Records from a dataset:
______________________________

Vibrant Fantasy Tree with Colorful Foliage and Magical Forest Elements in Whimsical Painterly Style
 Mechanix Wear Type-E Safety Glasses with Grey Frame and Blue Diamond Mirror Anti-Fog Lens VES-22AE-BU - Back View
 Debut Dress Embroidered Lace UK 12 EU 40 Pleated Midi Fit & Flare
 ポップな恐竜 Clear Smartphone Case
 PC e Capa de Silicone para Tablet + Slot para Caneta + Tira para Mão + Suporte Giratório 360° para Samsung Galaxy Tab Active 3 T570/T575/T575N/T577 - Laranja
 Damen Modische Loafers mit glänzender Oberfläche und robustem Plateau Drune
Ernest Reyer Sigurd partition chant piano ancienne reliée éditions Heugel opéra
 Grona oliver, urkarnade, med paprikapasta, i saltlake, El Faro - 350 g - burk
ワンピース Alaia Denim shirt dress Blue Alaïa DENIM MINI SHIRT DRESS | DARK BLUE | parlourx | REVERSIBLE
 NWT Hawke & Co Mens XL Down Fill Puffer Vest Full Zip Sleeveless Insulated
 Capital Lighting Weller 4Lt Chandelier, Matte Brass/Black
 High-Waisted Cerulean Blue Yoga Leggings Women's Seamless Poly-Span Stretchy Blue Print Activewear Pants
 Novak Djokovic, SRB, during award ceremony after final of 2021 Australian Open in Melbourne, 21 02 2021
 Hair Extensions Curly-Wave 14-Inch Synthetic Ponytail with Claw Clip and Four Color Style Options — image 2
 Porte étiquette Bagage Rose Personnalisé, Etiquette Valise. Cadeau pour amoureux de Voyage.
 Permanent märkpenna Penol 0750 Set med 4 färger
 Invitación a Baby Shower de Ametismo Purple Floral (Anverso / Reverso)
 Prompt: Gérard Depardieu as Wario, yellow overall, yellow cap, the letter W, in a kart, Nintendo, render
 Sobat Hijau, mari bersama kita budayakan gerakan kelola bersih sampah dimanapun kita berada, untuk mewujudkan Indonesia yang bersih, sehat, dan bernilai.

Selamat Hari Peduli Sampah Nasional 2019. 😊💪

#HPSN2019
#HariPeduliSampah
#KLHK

______________________________

WORK TASK: Would you copy, unchanged, the stretch of the records above that begins at the line containing "Damen Modische Loafers" and ends at the line containing "Grona oliver, urkarnade, med", and only that?

EXERCISE ANSWER:
 Damen Modische Loafers mit glänzender Oberfläche und robustem Plateau Drune
Ernest Reyer Sigurd partition chant piano ancienne reliée éditions Heugel opéra
 Grona oliver, urkarnade, med paprikapasta, i saltlake, El Faro - 350 g - burk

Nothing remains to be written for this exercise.